Question

How do you write the equation of the hyperbola given Foci: (-6,0),(6,0) and vertices (-4,0), (4,0)?

Answer 1

There are two standard Cartesian forms for the equation of a hyperbola. I will explain how one knows which one to use and how to use it in the explanation.

Explanation:

The standard Cartesian form for the equation of a hyperbola with a vertical transverse axis is:

`(y - k)^2/a^2 - (x - h)^2/b^2 = 1" [1]"`

Its vertices are located at the points, `(h, k - a), and (h, k + a)`.

Its foci are located at the points, `(h, k - sqrt(a^2 + b^2)), and (h, k + sqrt(a^2 + b^2))`.

The standard Cartesian form for the equation of a hyperbola with a horizontal transverse axis is:

`(x - h)^2/a^2 - (y - k)^2/b^2 = 1" [2]"`

Its vertices are located at the points, `(h- a, k), and (h + a, k)`.

Its foci are located at the points, `(h - sqrt(a^2 + b^2), k), and (h + sqrt(a^2 + b^2), k)`.

Given:

Foci: `(-6, 0), (6,0)`
Vertices: `(-4, 0), (4,0)`

Please observe that it is the x coordinates of the vertices and foci that changes, while the y coordinate remains fixed; this matches the the horizontal transverse type, equation [2]. This is how one knows which equation to use.

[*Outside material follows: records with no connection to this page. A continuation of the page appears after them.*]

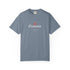 Blue t-shirt with 'florida' text on a white background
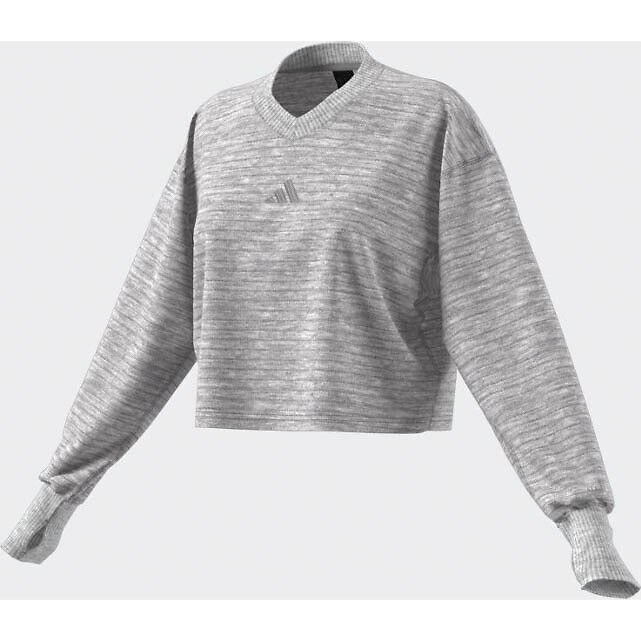 Felpa da donna a maniche lunghe, girocollo stampato, casual, con scollo rotondo, con colletto, bianco, M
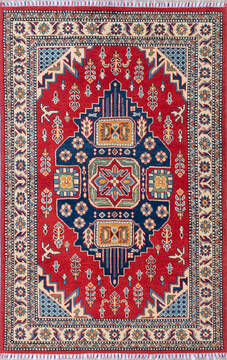 Kazak Red Hand Knotted 3'10" X 5'10"  Area Rug 700-143536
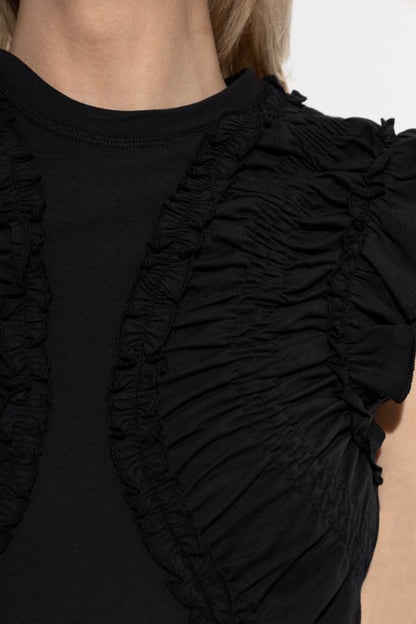 UJ Shiva Sleeveless Ruffled Cotton Midi Dress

If it were the y coordinates that were changing and the x coordinates were fixed, then it would be equation [1].

We can use `(-4, 0), (4,0)` and `(h- a, k), (h + a, k)` to write the following equations:

`k = 0" [3]"`
`h - a = -4" [4]"`
`h + a = 4" [5]"`

To find the value of h, add equation [4] to equation [5]:

`h - a + h + a = -4 + 4`
`2h = 0`
`h = 0`

To find the value of a, subtract equation [4] from equation [5]:

`-h + a + h + a = 4 + 4`
`2a = 8`
`a = 4`

Using, h = 0, a = 4, and the point `(6,0)`, we can write the equation:

`6 = 0 + sqrt(4^2 + b^2)`

and then solve for b:

`36 = 16 + b^2`
`b^2 = 20`
`b = sqrt(20)`
`b = 2sqrt(5)`

Substitute the values for h, k, a, and b into equation [2]:

`(x - 0)^2/4^2 - (y - 0)^2/(2sqrt(5))^2 = 1" [6]"`

Equation [6] is the desired equation.